You’ve probably heard about the naval exercises off the coast of South Korea, as three U.S. aircraft carrier strike groups conduct drills with South Korean warships, but a Japanese newspaper reports that South Korea rejected an American plan to include Japanese vessels in the maneuvers. We have more from Neal Conan in today’s Pacific News Minute.
According to the Nikkei Asian Review, South Korea refused to allow Japanese participation out of concern for its relations with China. The newspaper cites both South Korean and Japanese diplomatic sources. Instead, the American carrier groups exercised first with the Japanese ships, then with the South Koreans. South Korea also expressed reservations about joint exercises where U.S., Japanese and Australian destroyers simulated the interception of nuclear material en route to North Korea.

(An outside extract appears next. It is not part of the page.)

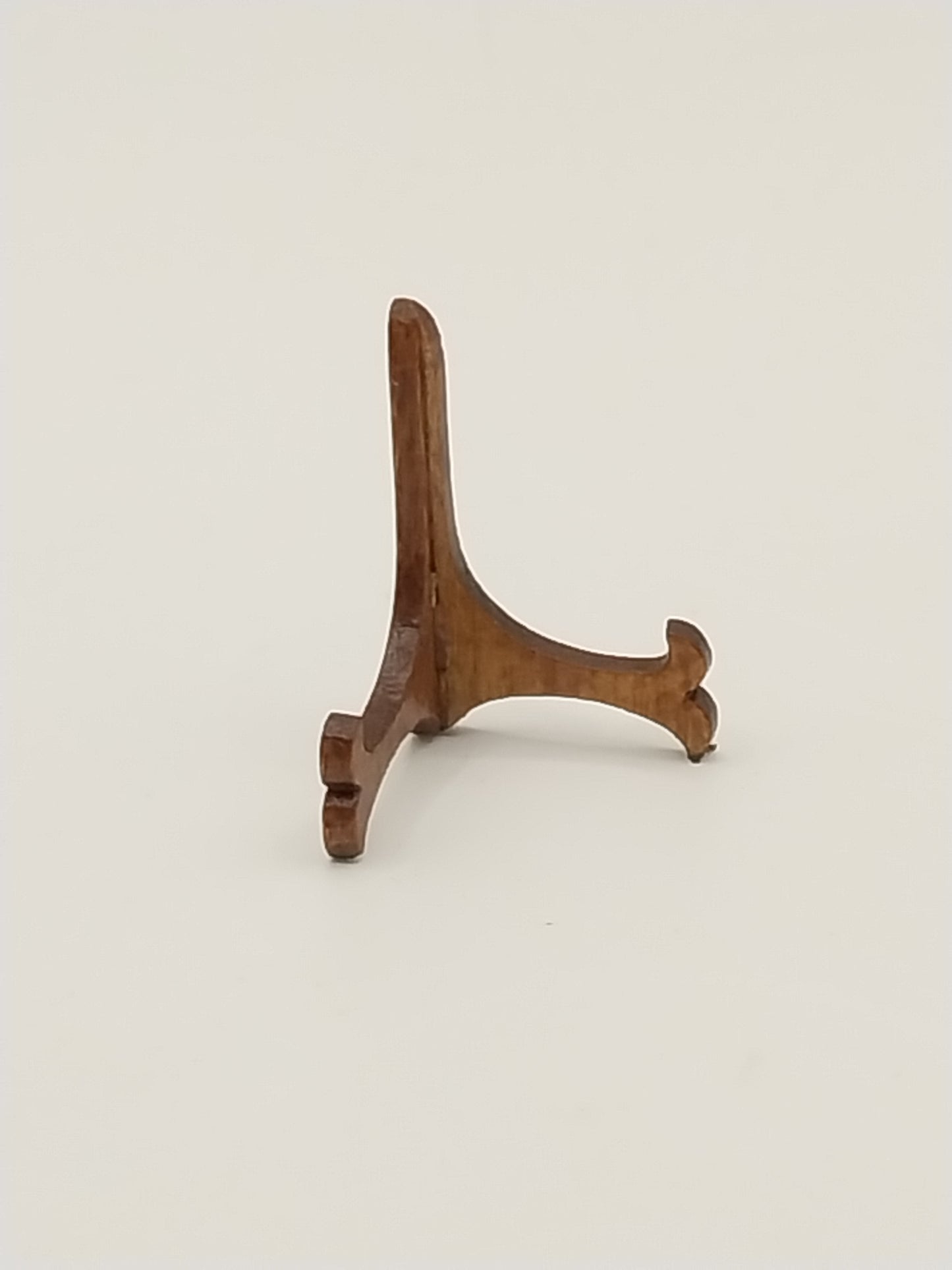 Plate Stand For Large Dish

Last month, South Korea and China agreed to try to improve relations which had turned frosty over Beijing’s objections to the deployment of THAAD, a new American anti-ballistic missile system.
But South Korea also cited public sentiment, code for the hard feelings that stem from Japan’s occupation of Korea. Lingering hatred has centered on the issue of the “Comfort Women.”
Korean women and girls forced to work as sex slaves in Japanese Army brothels during the Second World War. Tokyo’s offers of an apology and compensation have been rejected as inadequate by surviving comfort women and by the anti-Japanese movement that’s grown up around them, which sets up bronze statues of comfort women around the world in places intended to embarrass Japan. Even the nuclear threat from North Korea has not overcome the hostility, and the armed forces of America’s most important Asian allies do not work together.